> **Records from a data collection**:
※

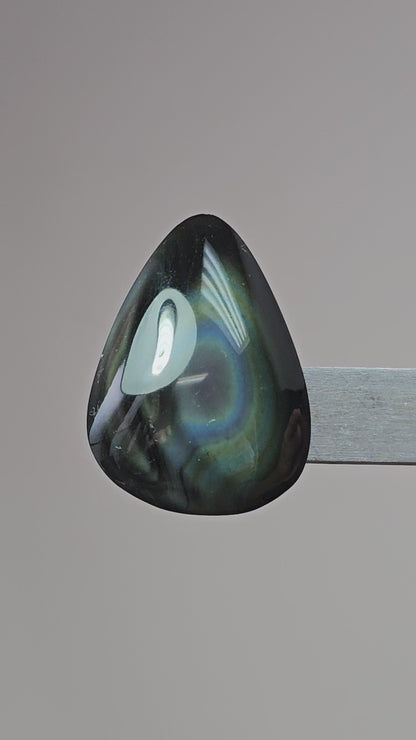 Rainbow obsidian Cabochon | Natural Mexican Obsidian for Silversmiths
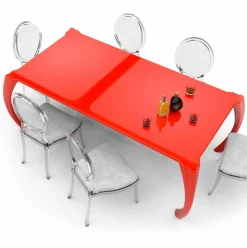 Tavolo di design moderno da pranzo prodotto in Italia, Milzano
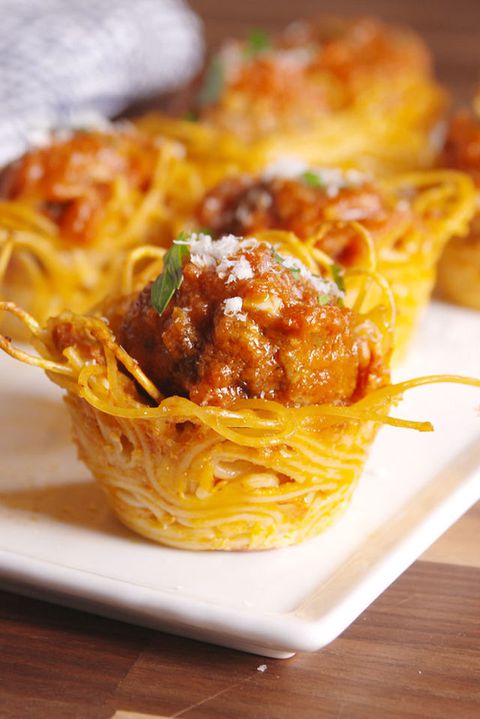 Špageti & Meatball Bites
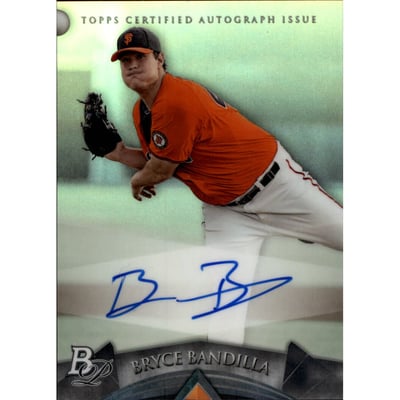 2014 Bowman Platinum Prospect Autographs #APBB Bryce Bandilla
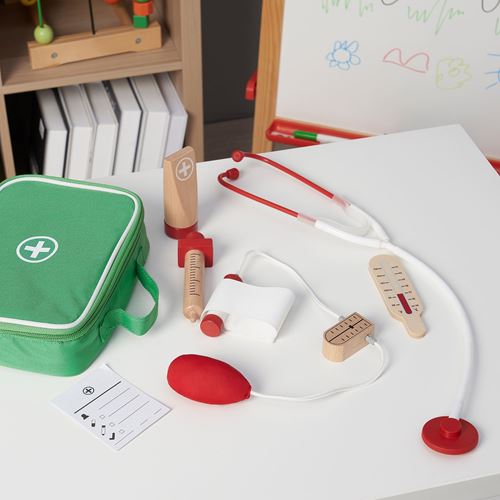 IKEA - BARKBORRE, oyuncak doktor seti, çok renkli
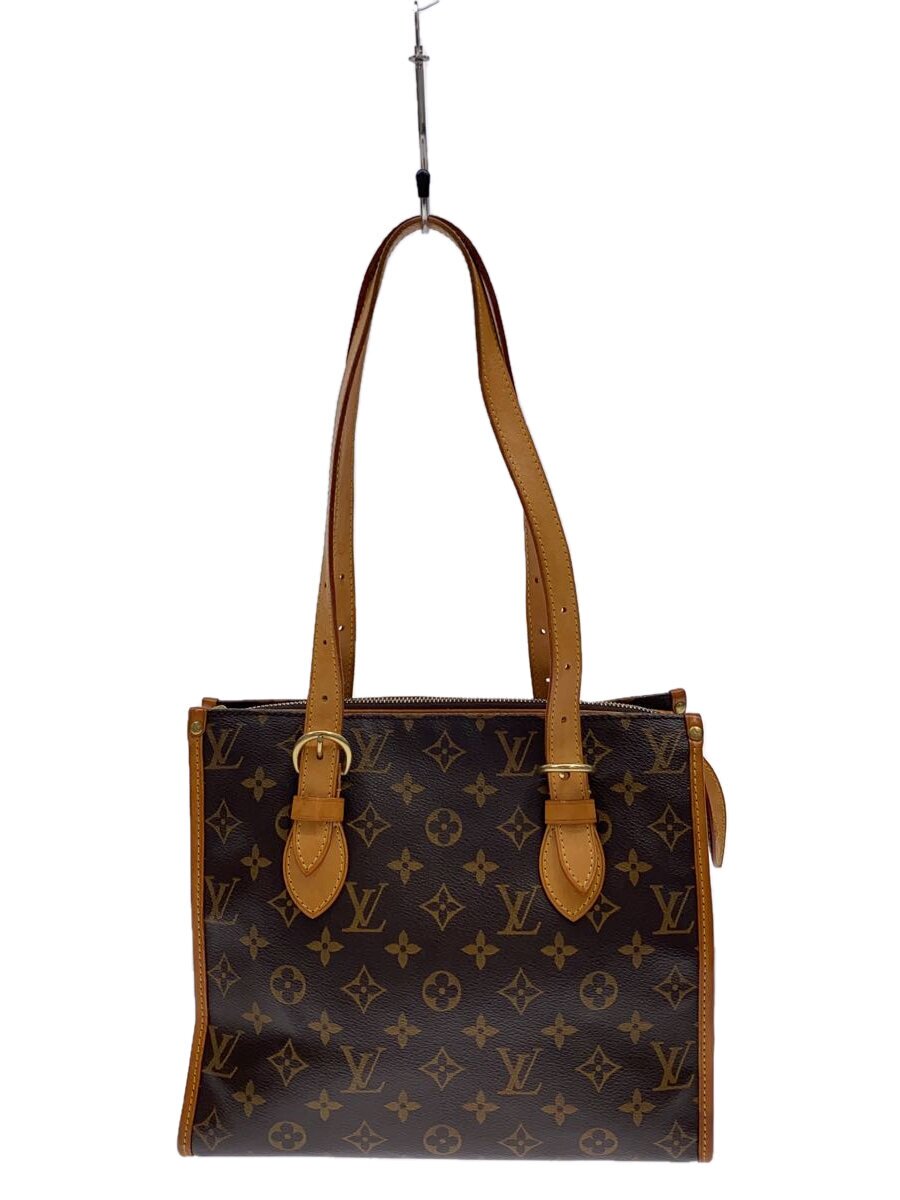 【中古】LOUIS VUITTON◆ポパンクール・オ_モノグラム・帆布/PVC/BRW/M40007【御徒面子】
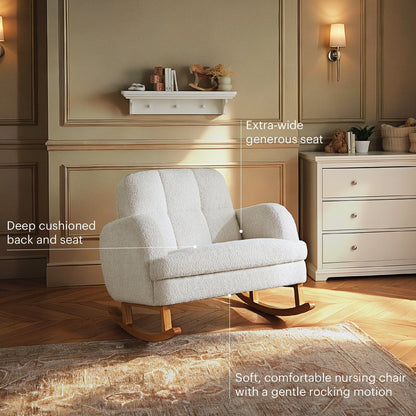 Etta Cuddle Chair - Bouclé Off White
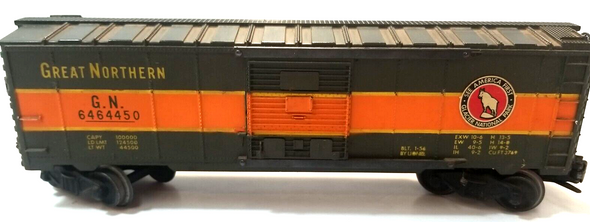 RESALE SHOP - VTG LIONEL Great Northern Box Car 6464-450 Date Jan 1956 No Box - preowned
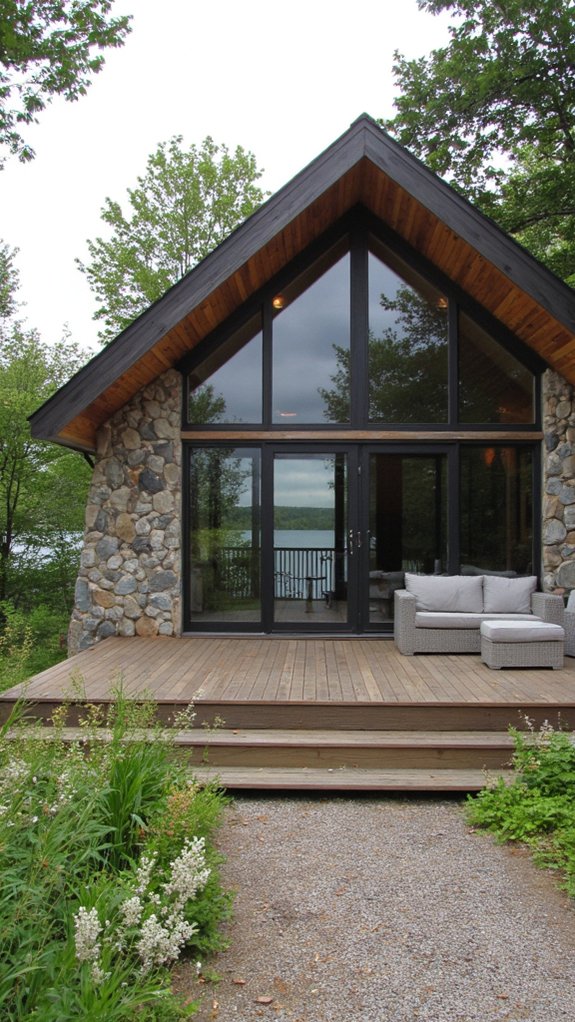 contemporary glass cottage design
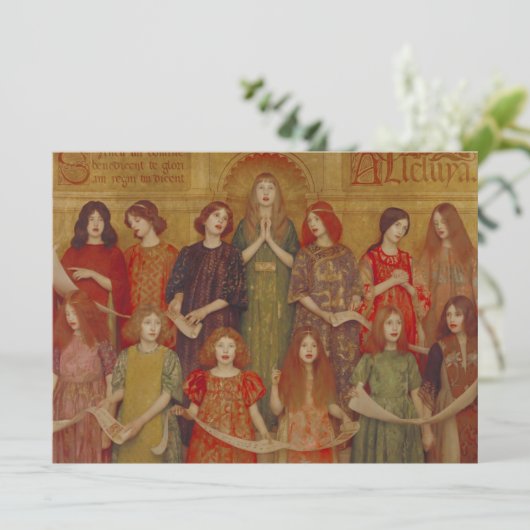 Carte Alleluia (par Thomas Cooper Gotch) (Debout devant)
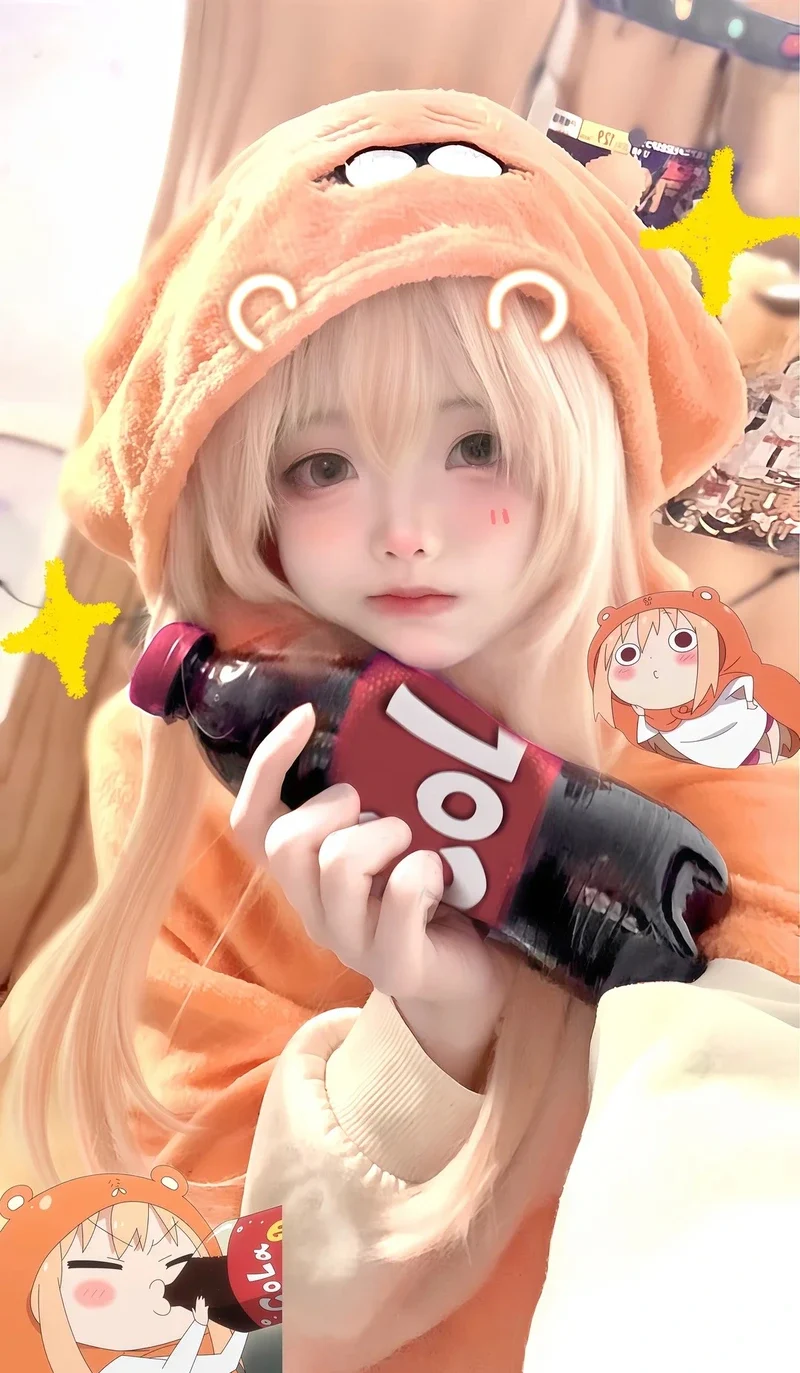 Chi tiết trang phục cosplay Umaru rõ nét và nổi bật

※

> **Work to be completed**: Copy out the preceding entries without a single change, leaving out the pictures.

> **Task solution**:
 Rainbow obsidian Cabochon | Natural Mexican Obsidian for Silversmiths
 Tavolo di design moderno da pranzo prodotto in Italia, Milzano
 Špageti & Meatball Bites
 2014 Bowman Platinum Prospect Autographs #APBB Bryce Bandilla
 IKEA - BARKBORRE, oyuncak doktor seti, çok renkli
 【中古】LOUIS VUITTON◆ポパンクール・オ_モノグラム・帆布/PVC/BRW/M40007【御徒面子】
 Etta Cuddle Chair - Bouclé Off White
 RESALE SHOP - VTG LIONEL Great Northern Box Car 6464-450 Date Jan 1956 No Box - preowned
 contemporary glass cottage design
 Carte Alleluia (par Thomas Cooper Gotch) (Debout devant)
 Chi tiết trang phục cosplay Umaru rõ nét và nổi bật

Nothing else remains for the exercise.